Her work isn't documentary photography — she focuses more on using constructed or fictionalized scenarios to reveal deeper truths. Her last show, “Running,” which appeared at Kopeikin in 2013 and established her in the fine art world, featured dramatically lit, isolated individuals running in everyday settings. It’s impossible to know whether the subjects are running from a natural disaster or desperately trying to catch a bus; they exhibit moments of anxiety, or, as Soren said, our instinct of fight or flight.
For “Fantasy Life,” Soren moved away from the struggle of individuals, instead casting a light on American society. “We live in a striving culture,” Soren says. “We take it for granted that someone who separates themselves is to be admired.” Competitive sports illustrates the pursuit of that apotheosis, of meteoric success. But it also illustrates its antithesis — the inevitable decline, the destruction of the idol.
Soren also illustrates the baseball archetype of the restless wanderer, showing handwritten lists on hotel notepads of all the teams the players have been on, cities they’ve lived in; and images of hotel parking lots and undecorated walls. She says there's not much that’s romantic about that itinerant life, especially for minor league players, who are paid very little.

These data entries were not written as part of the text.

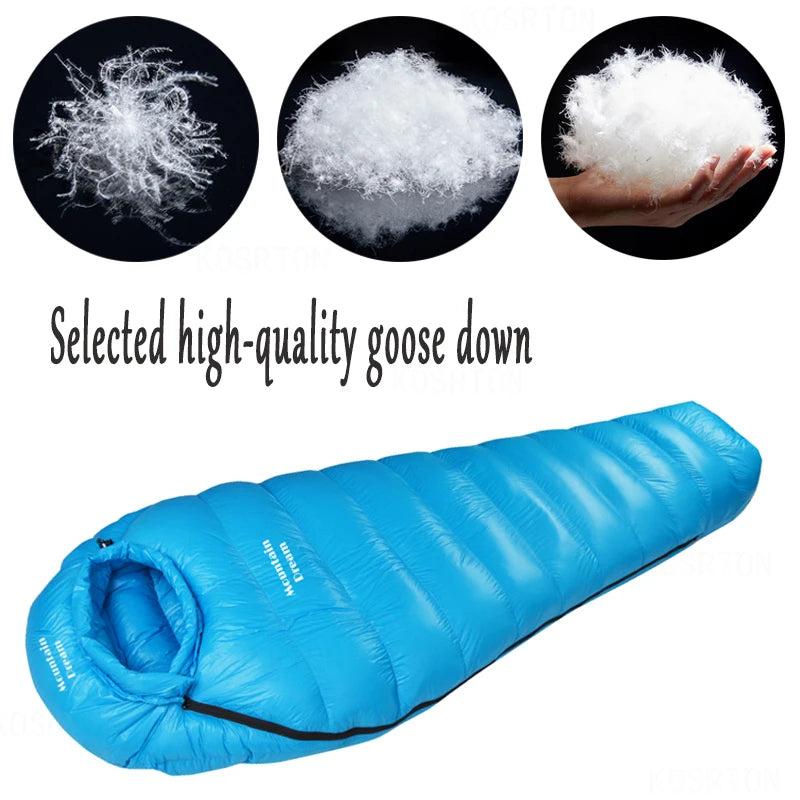 KOSRTON Winter Goose Down Mummy Sleeping Bag -20C Adult Camping Three Season Warm
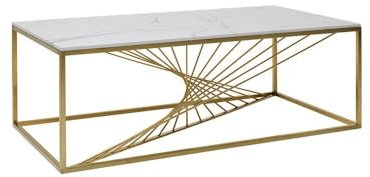 Kare Design Couchtisch Art Marble, Gold, Wohnzimmertisch, Beistelltisch, Stahl Gestell, ESG-Glas Tischplatte, handgefertigt, 45x140x71 cm (H/B/T)
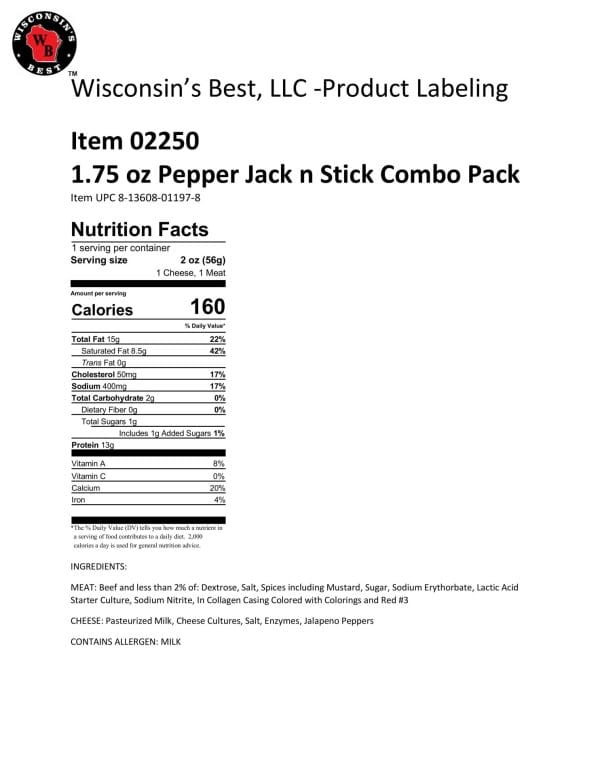 1.75 Oz Pepper Jack N Stick Nutritional Labeling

Even those who are well paid, the strain of a physically demanding career and so much time in the limelight can be debilitating. “So many Americans believe the pursuit of fame and fortune is the pursuit of happiness,” Soren says. “But the most wealthy player I have is not the happiest. The more you get paid, the more pressure you have on you.”
Soren’s study of the American dream and its reversal reflects her own experience. In the early to mid-90s, she was a household name, rising to fame as one of MTV News’ first political reporters at only 23. She’s snagged interviews with multiple presidents and huge pop stars, and has appeared in a Beastie Boys video.
After she married the writer Michael Lewis (known for Moneyball, his own project involving the Oakland A's), she decided to give up the frenzy of breaking news in New York City to move to Berkeley, have kids, and explore documentary film. “I was five months pregnant when I covered the impeachment of Clinton,” Soren recalls. “I was done.” Ultimately, she took up a different form of storytelling with still photography, favoring the relative anonymity of the art world with its opportunities for nuance and self expression that she didn't have in television journalism. Her agent jokingly calls Soren her most “downwardly mobile client,” and though Soren says the glitz and noise of MTV was fun in her 20s, she now prefers her life as a fine artist.
She wasn’t thinking of her own abdication of fame as she traveled from stadium to stadium, photographing the rise and fall of baseball players. Still, there is something telling about the fact that she was never a baseball fan, but, through this project, has become a fan of the players. Perhaps it's that shared experience — a kinship, a point of access, an intimate connection — that enabled her to reveal something the rest of us may never have seen.